What the task asks
Among the lines below, count those containing the word "near". Give the number only.

##############################

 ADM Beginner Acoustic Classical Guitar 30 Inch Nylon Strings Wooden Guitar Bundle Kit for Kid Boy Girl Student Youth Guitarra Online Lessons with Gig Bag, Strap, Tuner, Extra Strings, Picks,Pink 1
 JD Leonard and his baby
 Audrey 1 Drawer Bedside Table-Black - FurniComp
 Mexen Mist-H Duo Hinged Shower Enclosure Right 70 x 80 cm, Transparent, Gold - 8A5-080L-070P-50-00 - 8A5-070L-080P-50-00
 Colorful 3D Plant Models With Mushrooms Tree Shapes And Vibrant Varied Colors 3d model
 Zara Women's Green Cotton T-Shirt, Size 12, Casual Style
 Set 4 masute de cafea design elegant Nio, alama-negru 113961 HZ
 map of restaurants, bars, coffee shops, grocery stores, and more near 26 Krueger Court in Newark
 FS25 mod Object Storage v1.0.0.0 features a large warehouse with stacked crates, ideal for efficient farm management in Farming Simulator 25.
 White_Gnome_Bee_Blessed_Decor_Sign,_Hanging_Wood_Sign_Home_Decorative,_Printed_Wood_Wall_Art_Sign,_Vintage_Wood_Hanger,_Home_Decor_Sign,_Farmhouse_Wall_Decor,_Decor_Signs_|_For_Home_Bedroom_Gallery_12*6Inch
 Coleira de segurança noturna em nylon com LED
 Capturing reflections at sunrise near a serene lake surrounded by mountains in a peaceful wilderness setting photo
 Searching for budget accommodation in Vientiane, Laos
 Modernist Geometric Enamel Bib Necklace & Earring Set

##############################

Response to the task
2